Because the adverts made us laugh, I vaguely recall travelling to the restaurant from north London with my parents and sister while growing up in the mid-1980s – so I started with them, but nobody remembered anything. I asked on Twitter and Facebook, where an editor of an Indian restaurant trade magazine got in touch to say he knew the place – result! – but it turned out he only remembered the ads.
Excited about what I would find, I set up a Facebook group – I have always wanted to do that – but out of billions of people on earth, nobody joined. I asked veteran restaurant critics Andy Hayler and Richard Vines, but neither knew anything. Andy suggested I get in touch with Fay Maschler, which I did via LinkedIn, but she didn’t reply.
The ads mentioned the now-defunct Good Curry Guide, so I contacted its former editor, Pat Chapman, via LinkedIn, plus an email that later bounced. He was a huge name in the Indian restaurant industry at the time, but I didn’t hear back. I randomly looked for 1980s editions of the Good Curry Guide on Amazon and eBay, but couldn’t find any; meanwhile Andy Hayler helpfully looked up his 1987 copy – but nothing. I contacted the sponsors of the guides, Cobra Beer, whose offices I once briefly worked in as an editor, but got no reply.
I emailed UK Hospitality and various South Asian restaurant associations – the Asian Catering Federation, Bangladesh Caterers Association and British Curry Awards – but didn’t hear back. Same with L’Auberge restaurant that’s currently on Memsahib’s site. I browsed through several pages of Google Books and the British Newspaper Archives, but there was nothing except a few more advertisements. Might there be any clues on the website of the long-shuttered Punch magazine, where Memsahib had also advertised, or the Advertising Archives? Nope.
I patiently and diligently foraged the catalogues of the British Library, Guildhall Library, Wellcome Collection library, Barbican and Community Libraries, City Business Library, London Metropolitan Archives, Bishopsgate Library, and the London Library – which sent me on a wild goose chase around the Times & Sunday Times archives with the promise of a Jonathan Meades review, but it turned out to be a false alarm. Thinking outside the box, I contacted the Food Standards Authority for historic hygiene inspection reports, but it led to nothing.

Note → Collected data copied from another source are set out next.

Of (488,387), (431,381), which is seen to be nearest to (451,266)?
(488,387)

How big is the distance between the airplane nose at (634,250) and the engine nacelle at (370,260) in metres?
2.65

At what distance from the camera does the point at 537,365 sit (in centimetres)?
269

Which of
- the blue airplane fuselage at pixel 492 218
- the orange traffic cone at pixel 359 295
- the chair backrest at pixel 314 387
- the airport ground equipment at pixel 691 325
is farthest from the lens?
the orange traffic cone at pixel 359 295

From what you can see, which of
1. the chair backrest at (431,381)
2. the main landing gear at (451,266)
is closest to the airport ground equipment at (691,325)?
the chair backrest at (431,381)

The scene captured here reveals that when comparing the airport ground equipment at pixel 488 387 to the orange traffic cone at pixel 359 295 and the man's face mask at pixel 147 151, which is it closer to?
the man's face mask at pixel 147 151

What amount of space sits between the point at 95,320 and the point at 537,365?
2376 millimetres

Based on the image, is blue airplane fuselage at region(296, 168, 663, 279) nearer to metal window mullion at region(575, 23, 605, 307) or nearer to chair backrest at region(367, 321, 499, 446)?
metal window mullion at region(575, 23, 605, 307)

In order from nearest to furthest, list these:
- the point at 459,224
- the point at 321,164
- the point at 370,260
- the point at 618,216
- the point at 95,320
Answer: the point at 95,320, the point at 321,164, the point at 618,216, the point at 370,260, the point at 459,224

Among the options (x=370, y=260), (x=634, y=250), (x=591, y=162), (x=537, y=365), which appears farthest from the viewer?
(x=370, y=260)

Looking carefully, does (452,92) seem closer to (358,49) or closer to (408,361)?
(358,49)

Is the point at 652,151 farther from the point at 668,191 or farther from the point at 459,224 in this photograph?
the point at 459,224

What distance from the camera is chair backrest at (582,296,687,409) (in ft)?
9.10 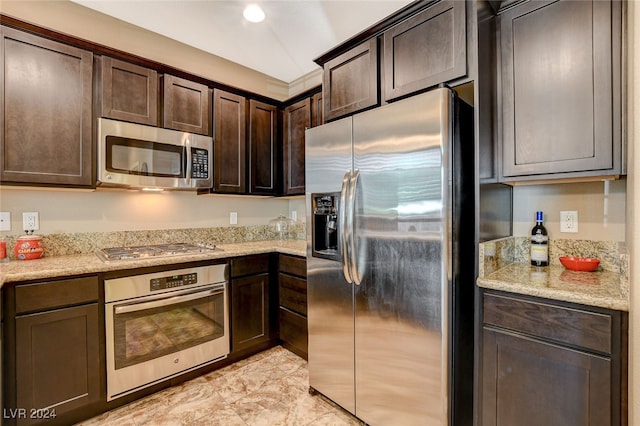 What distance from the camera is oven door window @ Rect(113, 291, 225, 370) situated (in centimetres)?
191

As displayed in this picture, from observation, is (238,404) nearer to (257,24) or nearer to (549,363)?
(549,363)

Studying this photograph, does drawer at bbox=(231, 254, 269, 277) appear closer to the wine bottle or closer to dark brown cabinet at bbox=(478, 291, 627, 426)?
dark brown cabinet at bbox=(478, 291, 627, 426)

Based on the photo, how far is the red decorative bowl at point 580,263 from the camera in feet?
5.03

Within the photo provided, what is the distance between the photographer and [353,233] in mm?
1711

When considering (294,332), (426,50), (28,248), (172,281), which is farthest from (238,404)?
(426,50)

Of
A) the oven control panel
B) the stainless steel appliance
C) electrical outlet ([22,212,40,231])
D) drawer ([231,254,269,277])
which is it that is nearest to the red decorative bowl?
drawer ([231,254,269,277])

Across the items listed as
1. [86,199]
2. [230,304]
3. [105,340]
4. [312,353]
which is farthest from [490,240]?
[86,199]

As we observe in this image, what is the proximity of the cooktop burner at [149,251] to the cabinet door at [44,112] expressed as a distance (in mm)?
514

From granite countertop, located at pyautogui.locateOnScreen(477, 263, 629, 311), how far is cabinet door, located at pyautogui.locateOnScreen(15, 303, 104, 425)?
2.19m

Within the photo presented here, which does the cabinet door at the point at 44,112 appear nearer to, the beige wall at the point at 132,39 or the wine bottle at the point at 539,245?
the beige wall at the point at 132,39

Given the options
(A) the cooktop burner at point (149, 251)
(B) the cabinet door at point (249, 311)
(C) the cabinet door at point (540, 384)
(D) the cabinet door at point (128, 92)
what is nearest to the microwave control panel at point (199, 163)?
(D) the cabinet door at point (128, 92)

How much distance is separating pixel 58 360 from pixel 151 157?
4.49 ft

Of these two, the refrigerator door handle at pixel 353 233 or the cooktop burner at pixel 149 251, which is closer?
the refrigerator door handle at pixel 353 233

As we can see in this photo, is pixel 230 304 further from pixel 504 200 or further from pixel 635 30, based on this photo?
pixel 635 30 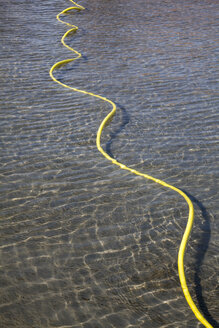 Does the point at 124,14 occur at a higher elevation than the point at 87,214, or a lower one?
higher

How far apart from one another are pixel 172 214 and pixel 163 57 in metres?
4.46

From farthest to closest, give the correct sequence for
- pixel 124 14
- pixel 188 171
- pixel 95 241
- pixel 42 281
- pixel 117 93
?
pixel 124 14, pixel 117 93, pixel 188 171, pixel 95 241, pixel 42 281

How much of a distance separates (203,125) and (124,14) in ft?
20.8

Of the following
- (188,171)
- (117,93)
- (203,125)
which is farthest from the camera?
(117,93)

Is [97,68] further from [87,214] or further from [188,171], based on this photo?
[87,214]

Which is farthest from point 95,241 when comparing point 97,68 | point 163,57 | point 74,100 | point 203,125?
point 163,57

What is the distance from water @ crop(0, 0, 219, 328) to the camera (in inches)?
113

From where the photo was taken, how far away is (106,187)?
161 inches

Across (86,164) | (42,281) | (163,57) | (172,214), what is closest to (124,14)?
(163,57)

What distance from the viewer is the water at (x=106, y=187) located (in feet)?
9.46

I trawled through the archives of local libraries – Putney, Wandsworth Town and Southfields; then contacted Wandsworth Council, which referred me to its Heritage Service. There, the archivist Emma Anthony helpfully looked through information and images of the area, but she found nothing.

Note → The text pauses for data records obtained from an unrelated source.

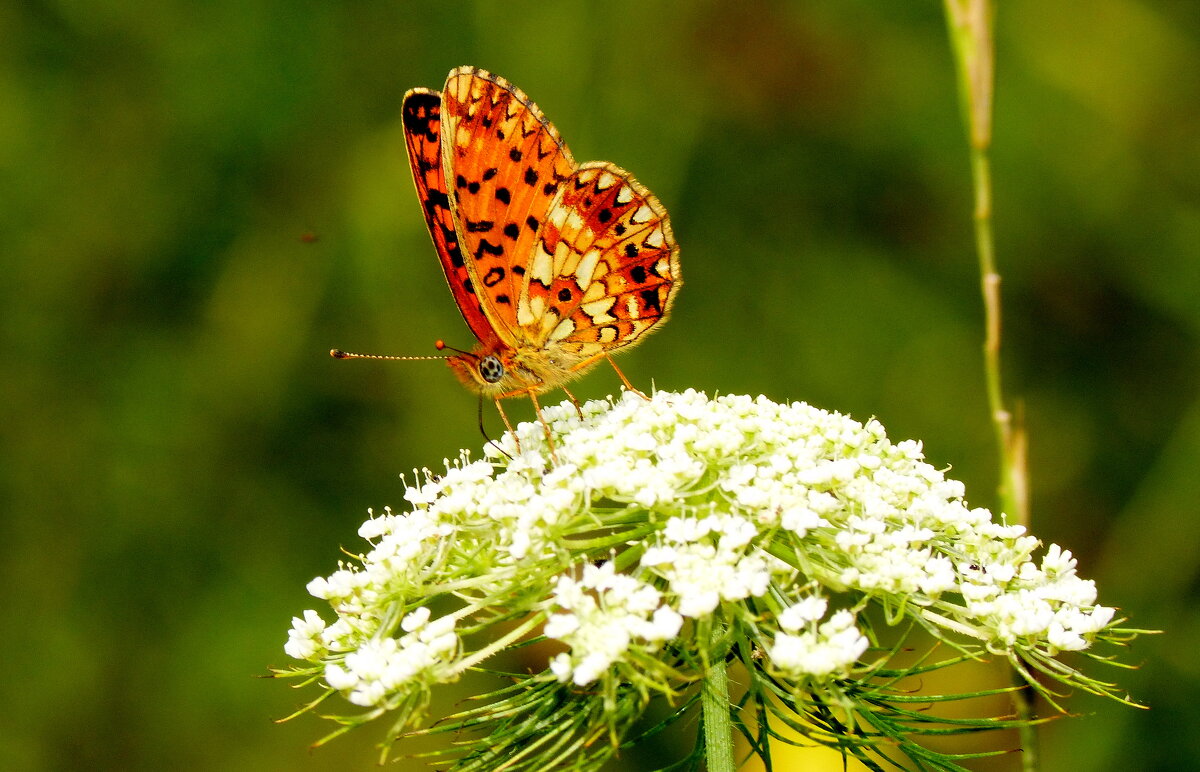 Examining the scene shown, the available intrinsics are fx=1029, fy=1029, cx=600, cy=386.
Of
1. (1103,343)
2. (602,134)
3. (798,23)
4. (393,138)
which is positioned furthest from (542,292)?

The more that success eluded me, he more zealous I became, and the more obsessed with finding something – anything.
How can a restaurant that once occupied physical space disappear from collective and recorded memory? How is it possible for it to not leave anything behind, except a trail of advertisements? As Andy Hayler told me, ‘It is odd when these days everything leaves such a big digital footprint. We forget that well into the 1990s, such things simply didn’t exist.’ So, without social media to record its history, is a restaurant even real?
Emma Anthony said, ‘While large business concerns are often well represented in local archives, smaller businesses are not. Much of what we have survives through serendipity – someone hands us in an old business card or brochure that they think may be of interest… But sadly, especially considering the impact they can have on the community, when a smaller business closes, there tends to be little left behind… Look at how ephemeral the history of a business or restaurant can be once it’s gone. It can be part of the social memory of the town it served, but with very little to document it.’
Bizarrely, considering I had no emotional attachment to it, my eyes have welled up a few times thinking about a lost restaurant that nobody remembers. One of Memsahib’s final ads simply had one word emblazoned across it. It taunts me, and it haunts me, because its meaning – as well as its antithesis – are both equally true.